To tak jakbym poszedł na Legię, a Radović zamiast grać, to by się zabawił w Hadaja.
Stanowczo nawołuję, szanujmy to, co mamy własnego! Kluby, trenerów i zawodników.
Bo Radović nasz. Ten dzieciaczek, z którym biegał pod Ł»yletę – też Polak!
*
A w Anglii zanosi się na triumf Liverpoolu. A właściwie Suareza z Gerrardem. Fajnie się ogląda, jak dwóch zawodników ogrywa każdych jedenastu. Jest to możliwe w piłce tylko.
*
Liga Narodów powstała (była po I wojnie też, Gdańsk nam przyznała jako Wolne miasto, choć mieliśmy tam ledwie 10 procent ludności). Ale ta Liga coś mi źle pachnie, strąci nas do jakiejś trzeciej ligi, pozbawi dobrych meczów, zostawiając jedynie jakąś zanętę w formie awansów, nierealnych jak zwykle, i ponoć 20 milionów euro z praw telewizyjnych.

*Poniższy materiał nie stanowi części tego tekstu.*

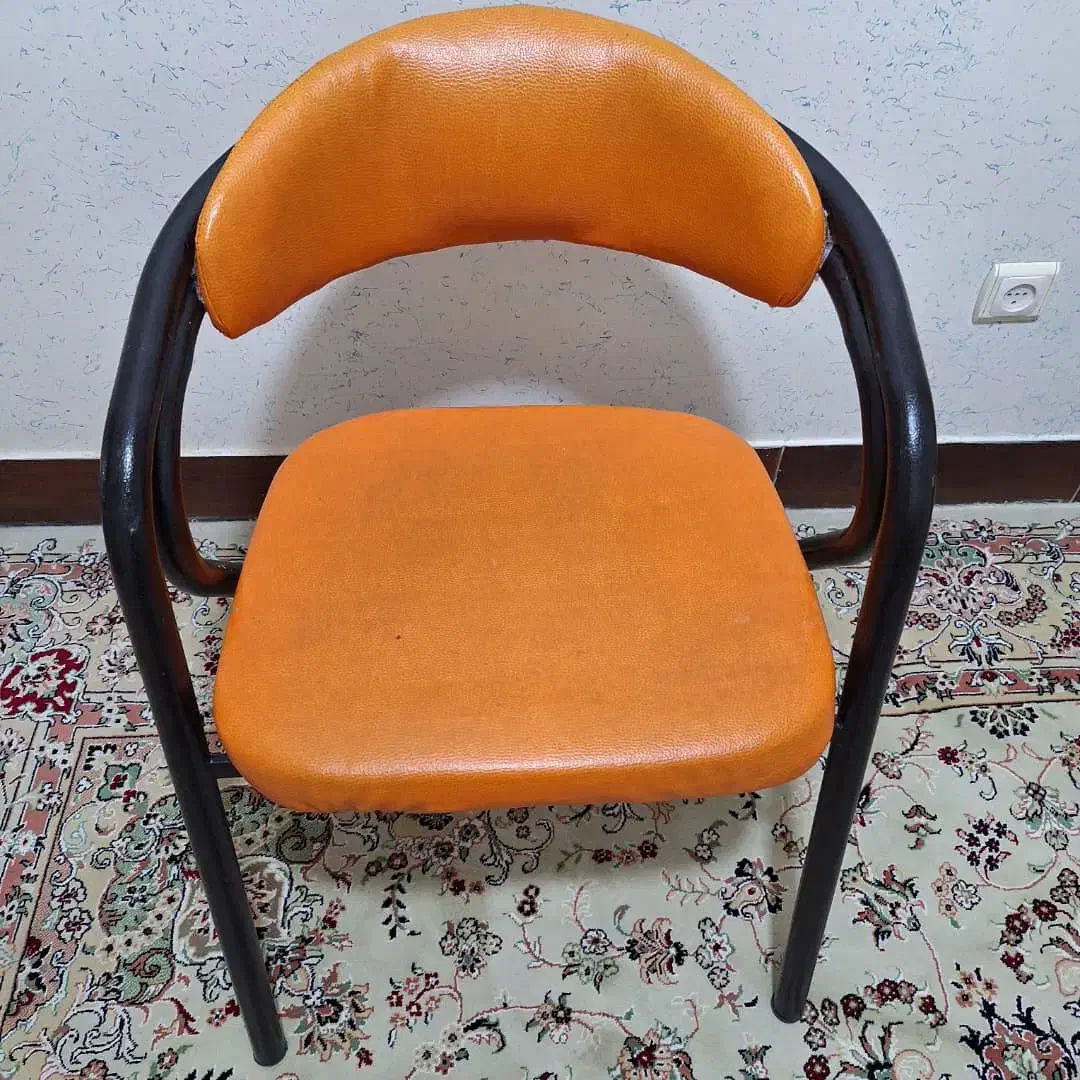 صندلی دانش‌آموزی|صندلی و نیمکت|شاهین‌شهر, حافظ جنوبی|دیوار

Kolega pracujący dla UEFA spytał mnie na Legii, mądrze: Polska dostaje dwadzieścia, ale czemu nikt nie pyta, ile dostaną na przykład Niemcy? Czemu nikt nie napisze, że zamiast zacierać dysproporcje, o czym się propagandowo mówi, realnie te różnice dramatycznie się pogłębią?
No więc ja piszę. Te dwie dyszki na pewno wystarczą na pensje i samoloty, na kolacje, ale – panowie działacze – za tyle nie kupi się dziś ani jednego przyzwoitego zawodnika!!!
Nie chcę twierdzić, że sprzedajemy się za frytki, ale tak mi pachnie właśnie mcdonaldsem.
*
Młody kolega, chcąc obrazić Bońka, nazwał go cynikiem. Protestuję, cynicy to mądrzy ludzie byli, że wspomnę Sokratesa, Diogenesa i siebie. Jedyna wada, niestety, jak zwierzęta niestety, wypróżniali się na podwórzu… No, ale i wtedy pewnie kible publiczne strasznie waliły starym moczem.
W każdym razie jeśli Boniek to cynik faktyczny, to tylko pogratulować. Bo zawsze warto myśleć po swojemu – nie tak jak wszyscy.
No, tylko wtedy jest to właśnie Myślenie.